Marlies van Dijk, Director, Clinical Improvement (BC Patient Safety & Quality Council) is a member of the faculty and contributed to the development of the Safer Healthcare Now! SSI Getting Started Kit. Faculty play a key role in the success of the Safer Healthcare Now! interventions. These experts dedicate their time and clinical expertise to develop guidelines that help healthcare professionals adopt innovative approaches to prevent harm and deliver safe care. 

“When you connect with other faculty members, it is good to hear what is happening around the country,” says Marlies. “You find that you have similar challenges and by sharing our collective knowledge and expertise, we can help drive improvement and a change in culture to improve surgical care.”

The SSI Getting Started Kit is making a huge impact on safe surgical care. Surgical teams can take the information from the kit and run with it. Implementing safe surgical care varies from setting to setting and the surgical team has to decide how to do it and who does what. “The Getting Started Kit provides the evidence, but the how is what we leave up to the frontline teams, because that is where the wisdom is,” says Marlies.

Van Dijk sees another contributing factor to the challenge of reducing infections. “Currently in healthcare we are guilty for working in professional silos,” adds Marlies. “Often, we don’t share our knowledge of patients with other team members as well as we could.   Focusing on teamwork and communication, we can create opportunities to accelerate our collective competence.”

Preventing surgical site infections is a priority across British Columbia and culture is considered an essential factor to reduce harm.  Marlies is coordinating the National Surgical Quality Improvement Program (NSQIP) – a surgeon-led initiative where 24 hospitals are using a rigorous measurement tool to look at risk-adjusted surgical outcomes to help foster that culture change. The initiative focuses on the hospital or unit as a learning system and continually looks at process and outcome data to drive improvement.

As most infections appear post-discharge, the cornerstone of the program is a 30-day post-operative chart review and follow-up with surgical patients.  The NSQIP analysis of 19 out of 24 hospital sites in British Columbia identified areas for improvement and indicated there was a potential for saving between 7,700 to 31,000 patient days per year across the province.

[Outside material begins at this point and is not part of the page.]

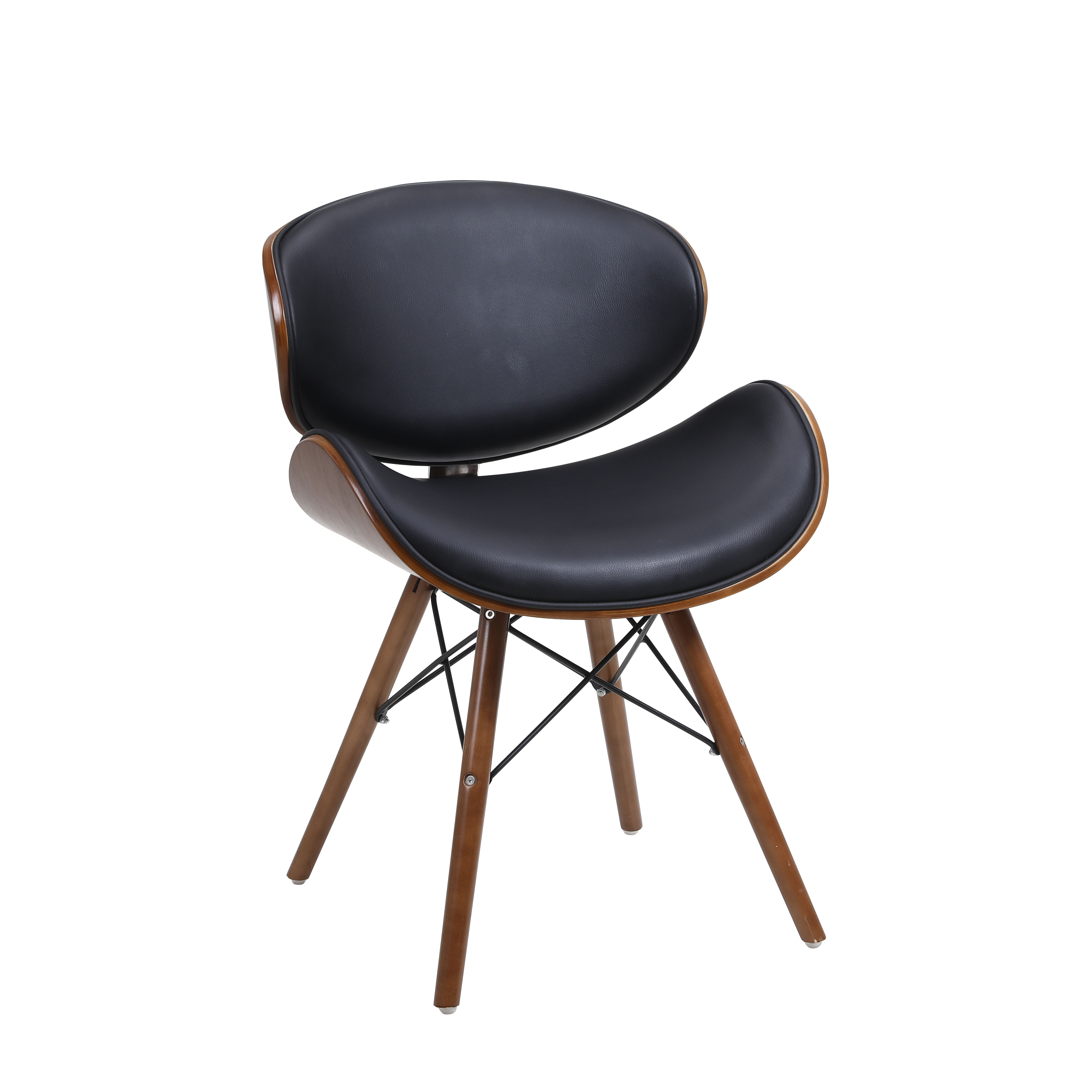 Elegant and Durable Dining Chairs Perfect for Home Office - Main Image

The BC Patient Safety & Quality Council is building a reliability culture to reduce SSI. The successful strategies focus on frontline and clinical ownership.  Shifting ownership and decision-making to the frontline is essential to improving results. 

“By looking at the adaptive side of clinical care we can bring our SSI rates under control,” says Marlies.  We need to talk about safe surgical care differently and focus on culture, leadership and engagement.  We have an obligation to our patients to ensure that best practices are being provided and this approach is very doable.”